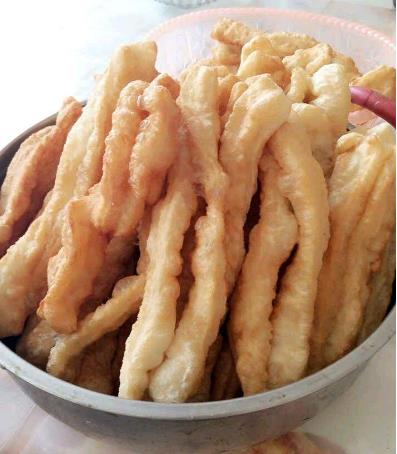 油条一定要两根一起炸竟是这原因:省时高效(图文) 油条一定要两根一起炸竟是这原因:省时高效(图文)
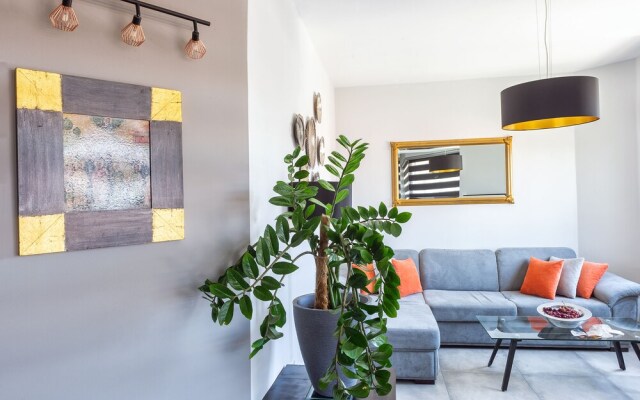 Levanco City Sea Business Suite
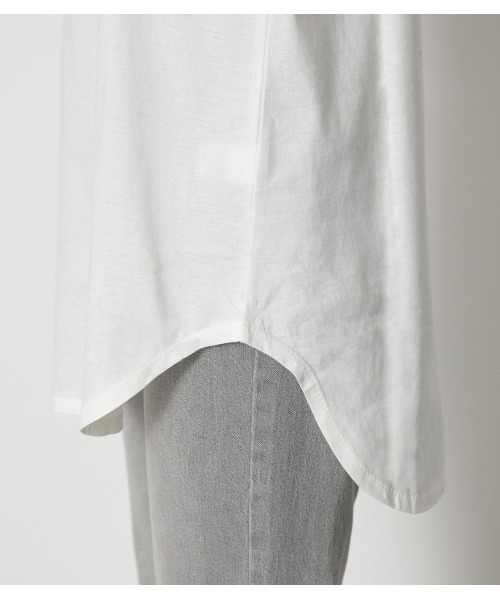 crie conforto（クリーコンフォルト）の「シャツテールタンク（タンクトップ・レディース・オフホワイト・MEDIUM/SMALL/LARGE）」の3枚目の写真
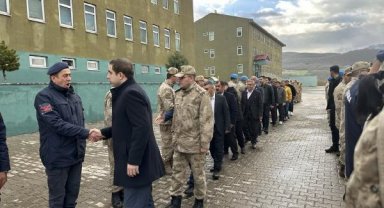 Bingöl'de 42 yıllık gelenek; önce Mehmetçik ile bayramlaştılar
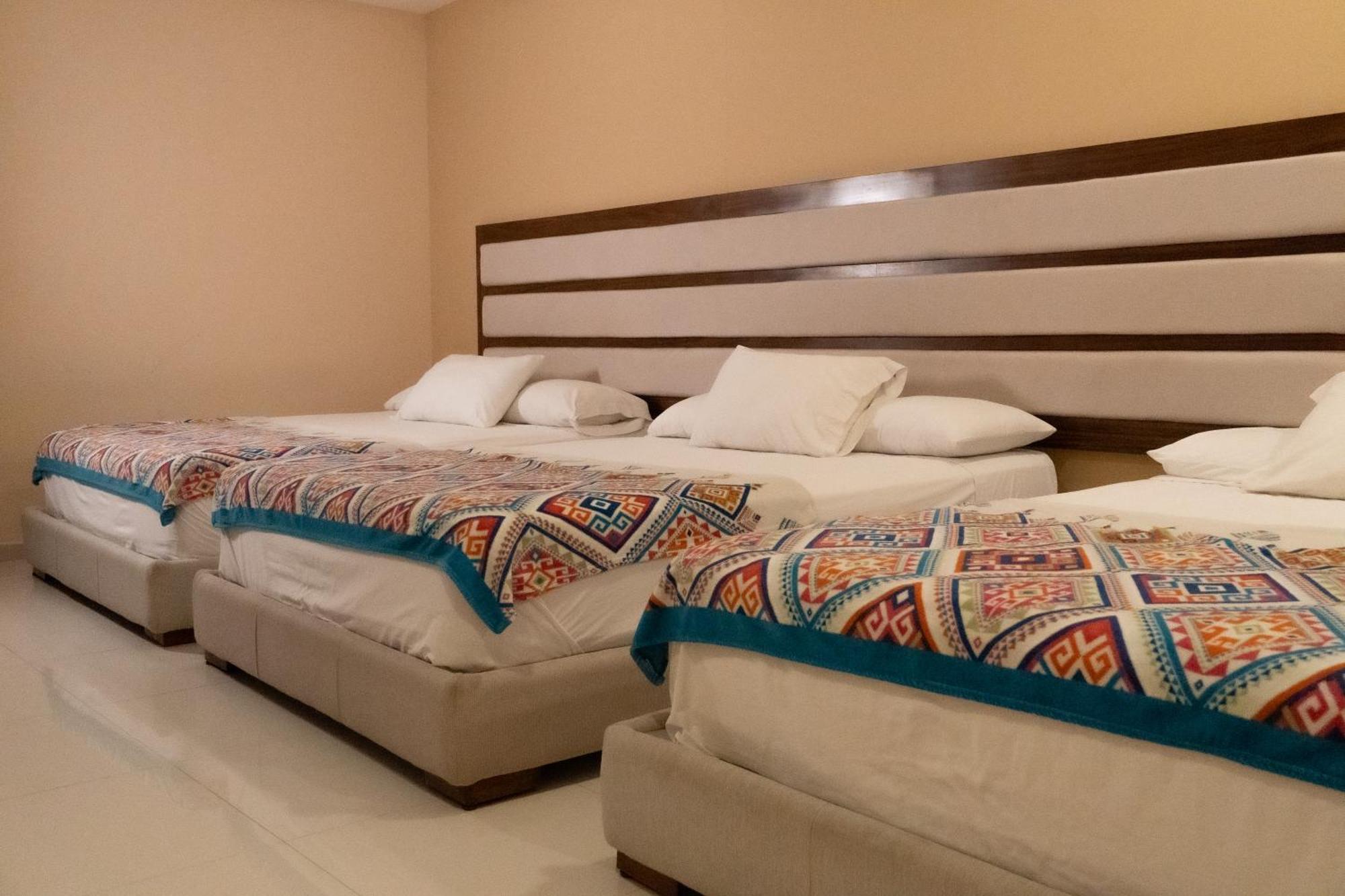 Infinity Habitacion Triple 211 Apartahotel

Exercise:
The material should be duplicated word for word, with no images included.

Solution below:
 油条一定要两根一起炸竟是这原因:省时高效(图文) 油条一定要两根一起炸竟是这原因:省时高效(图文)
 Levanco City Sea Business Suite
 crie conforto（クリーコンフォルト）の「シャツテールタンク（タンクトップ・レディース・オフホワイト・MEDIUM/SMALL/LARGE）」の3枚目の写真
 Bingöl'de 42 yıllık gelenek; önce Mehmetçik ile bayramlaştılar
 Infinity Habitacion Triple 211 Apartahotel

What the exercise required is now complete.